The UK bank aims to be the first British issuer of so-called contingent capital bonds in the primary debt markets. These “CoCos” differ from traditional bonds in that they are designed to bear losses if a bank’s capital position gets weaker in a crisis. Either they convert into equity, or they get written off.
This CoCo is at the riskier end of the spectrum. Its loss-absorbing role kicks in well before Barclays’ capital ratio hits rock bottom - when the bank’s common equity Tier 1 ratio falls below 7 percent. What’s more, it gets written off rather than becoming stock.
The terms were hammered out between Barclays and the UK Financial Services Authority. The CoCos will count only as lower-quality “Tier 2” capital. Still, they may also qualify for the supplementary cushion regulators demand over minimum capital requirements.
Lloyds (LLOY.L) forced a similar coco on its bondholders in 2009 via a debt exchange. Bonds sold by Switzerland’s UBS UBSN.VX also have 100 percent write-off. But both of these have a low, 5 percent capital-ratio trigger. By contrast, Barclays is the first bank to market a high-trigger, total-loss instrument to new investors.
It is strange then that Barclays is rumoured to be targeting an ambitious coupon of about 7 percent. True, in a low-return world, it may look tempting. And the risks of total wipe-out are remote; the trigger point is below the 9 percent minimum core capital ratio Barclays has to keep as a systemically-important financial institution. If Barclays’ ratio fell through that, it would have to time to rebuild capital. Barclays would need to torch an estimate 23 billion pounds of capital before the CoCos got burned, based on forecasts for its year-end 2013 balance sheet.

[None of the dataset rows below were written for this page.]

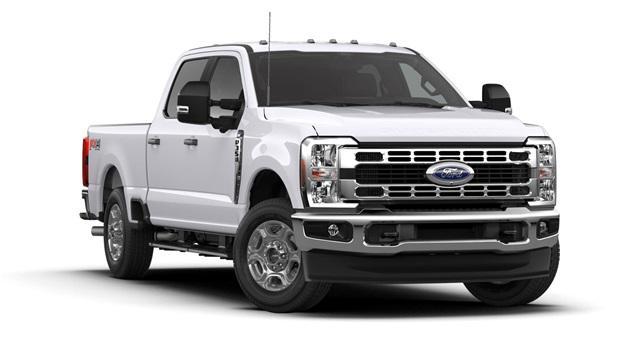 new 2026 Ford F-350 car, priced at $67,176
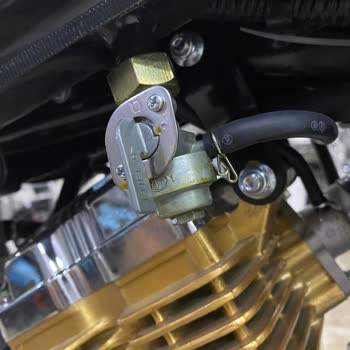 İlk Ve Son Olacak Kuba Motor Pişmanlık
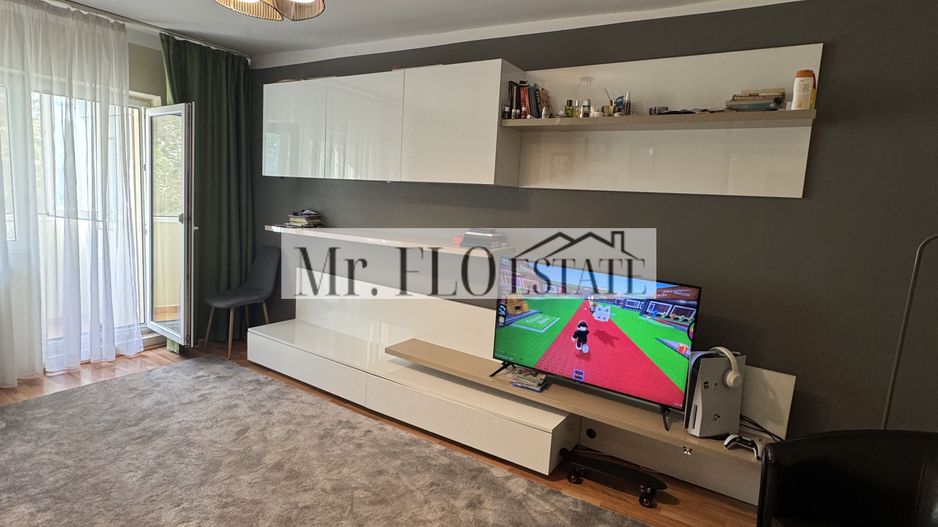 Apartament cu 4 camere, 3 balcoane si boxa proprie pe Calea Aradului - Poză 7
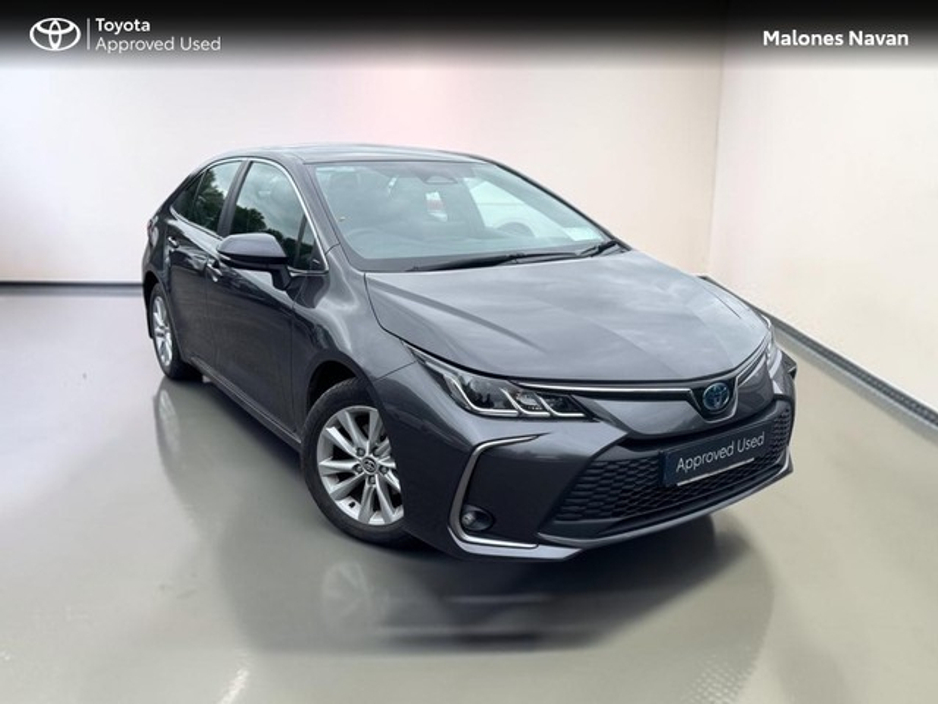 2024 Toyota Corolla For Sale Images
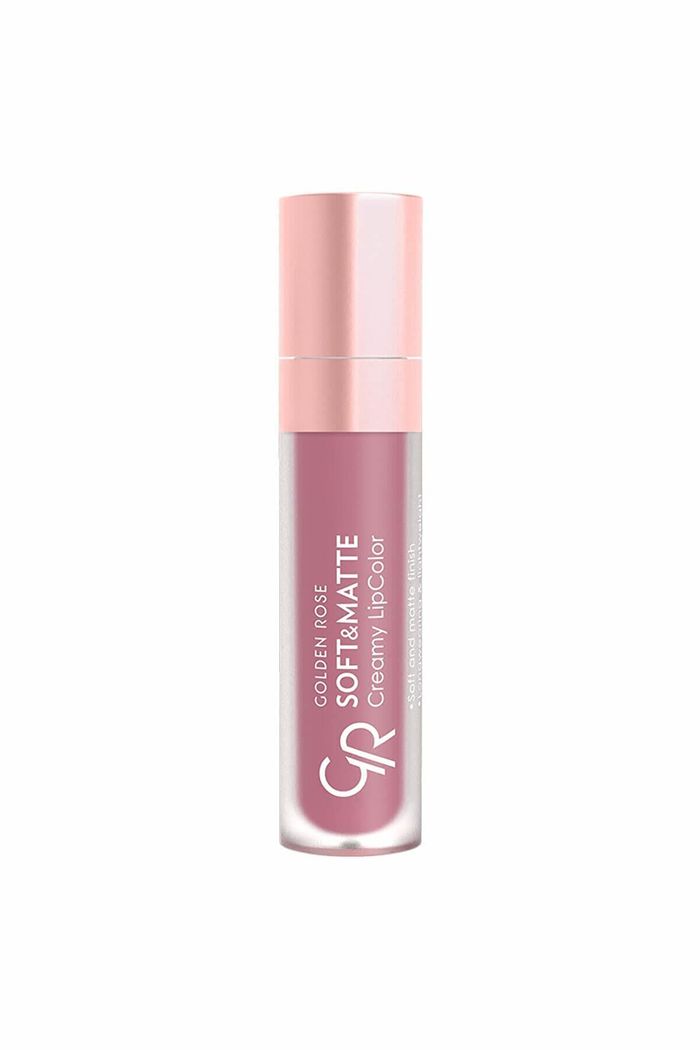 GR soft matte lipstick 112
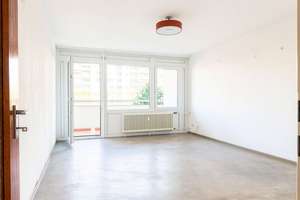 Leerstehende Wohnung mit tollem Ausblick - Sofort vermieten oder selbst einziehen – Die vollständige Adresse der Immobilie erhältst du vom Anbieter., 68163 Neckarau, Mannheim – Vorschaubild 2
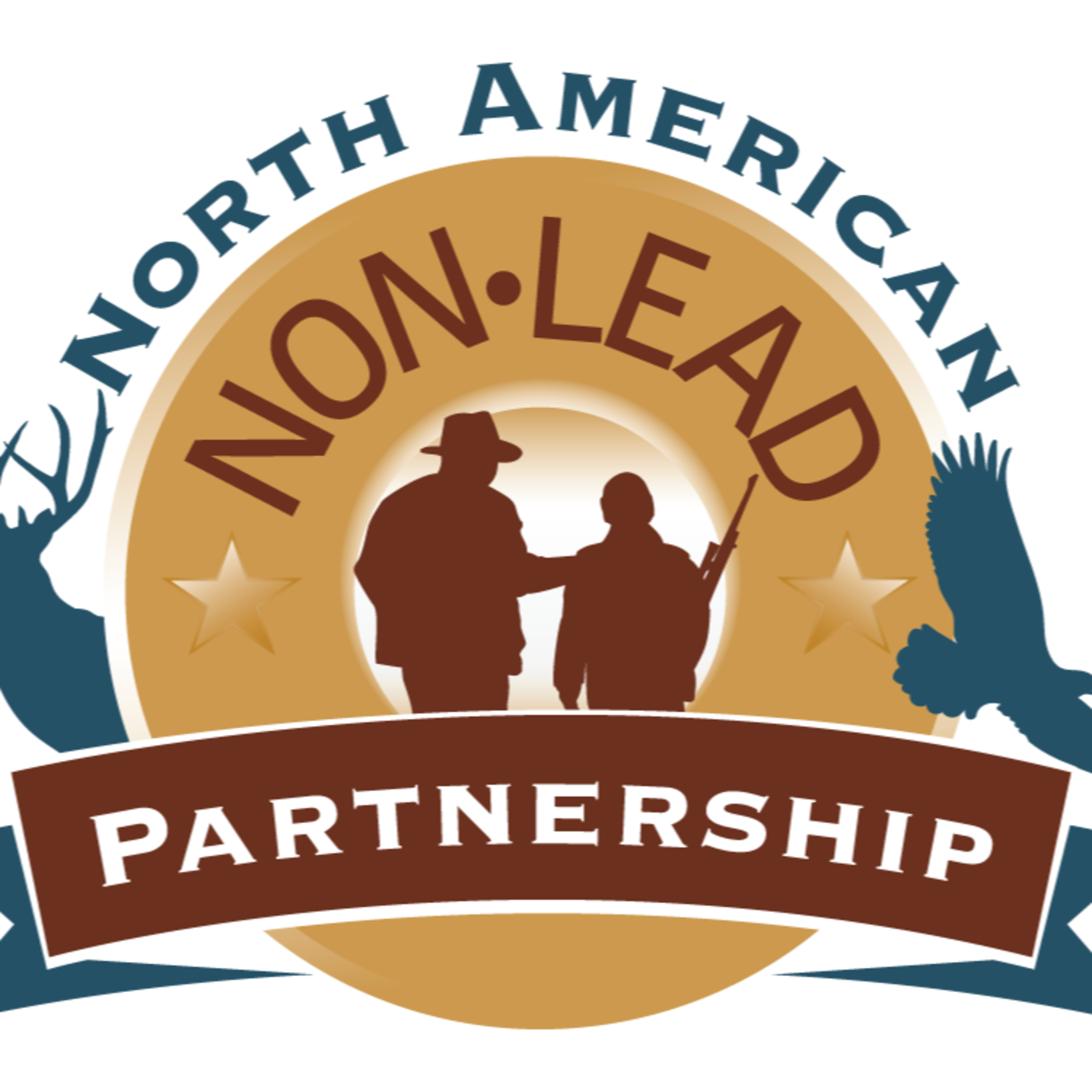 North American Non-Lead Partnership w/ Chris Parish and Leland Brown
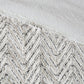 King/Cal King Ultra Plush Down Alternative Comforter Set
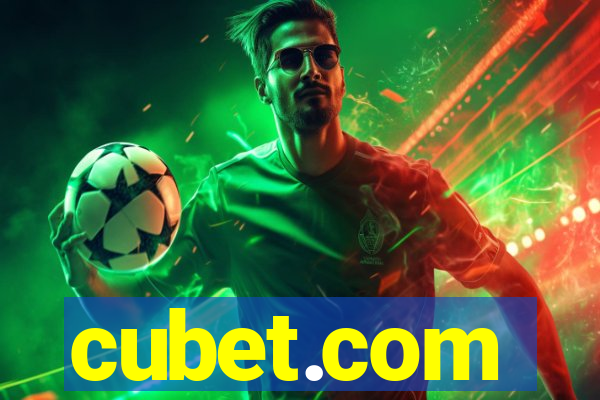 cubet.com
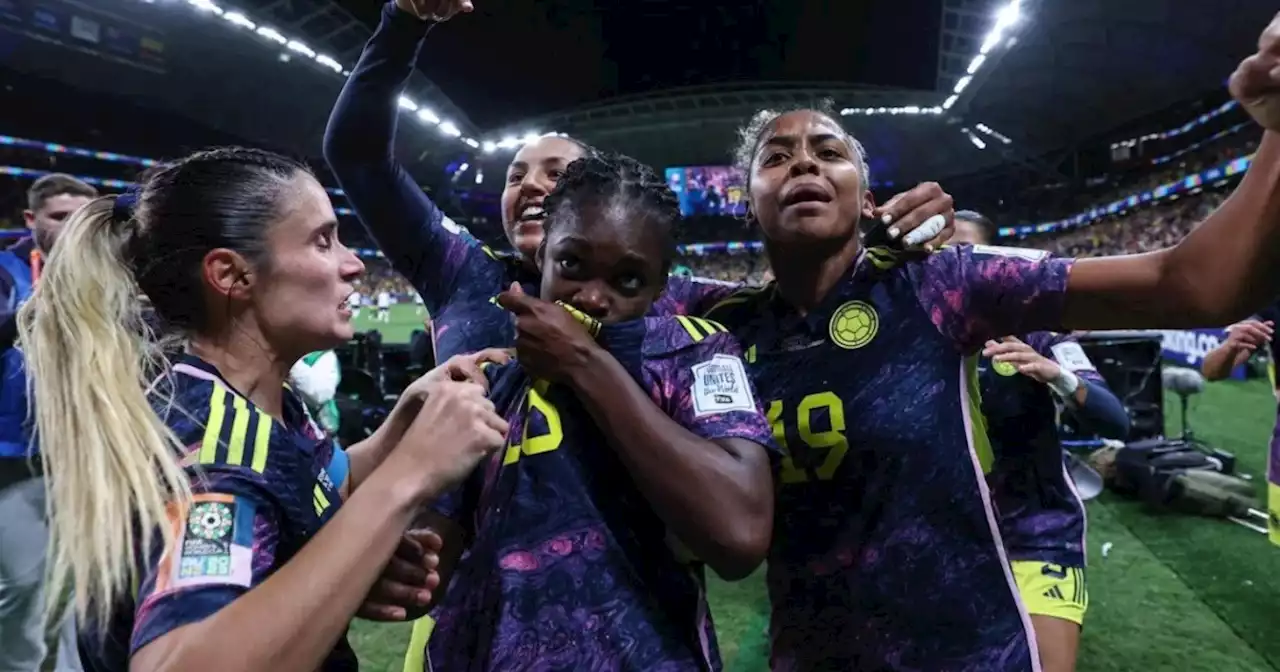 FIFA reveló las nominadas al mejor gol del Mundial Femenino: ¿Alguna colombiana?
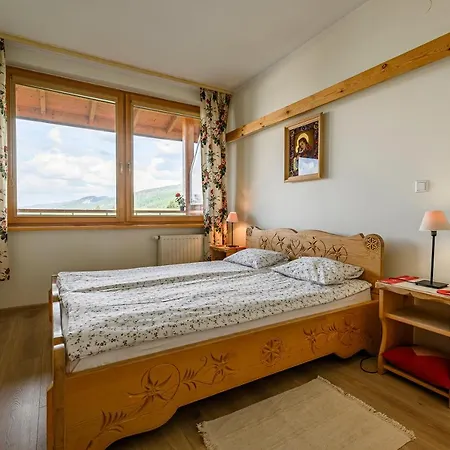 Apartamenty& Pod Giewontem *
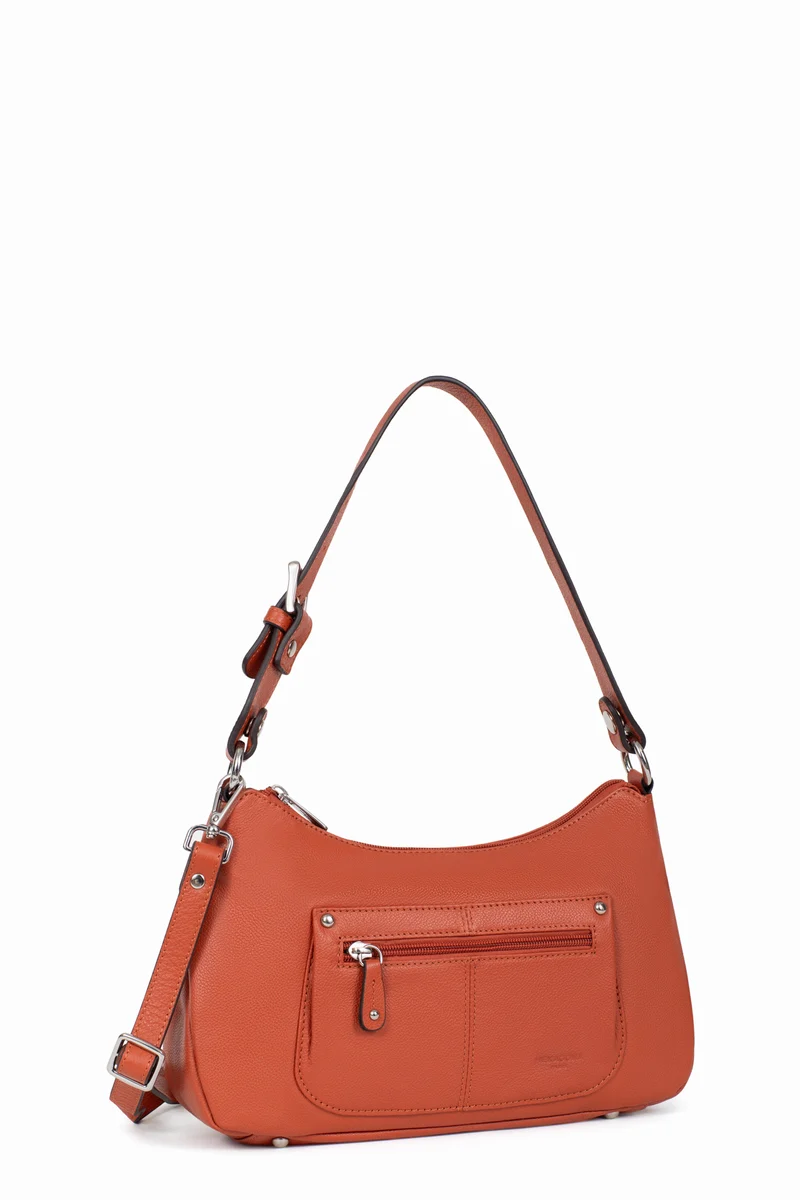 Besace - Cuir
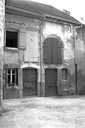maison de vigneron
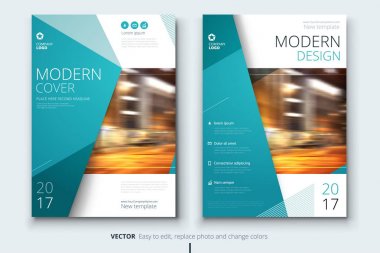 Kurumsal iş kapak, broşür veya el ilanı geniş yıllık rapor tasarımı. Broşür sunumu. Geometrik arka plan ile katalog. Modern Yayını poster dergisi, düzen, şablonu. A4 boyutunda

Still, Lloyds’ less risky CoCos are themselves yielding about 7 percent. Investors should demand more from Barclays.
- Barclays Plc plans to sell its first contingent capital securities. The bonds will pay a fixed coupon over 10 years, but can be written down to zero if the banks common equity core Tier 1 ratio falls below 7 percent. The bonds follow similar contingent capital securities by UBS and Credit Suisse.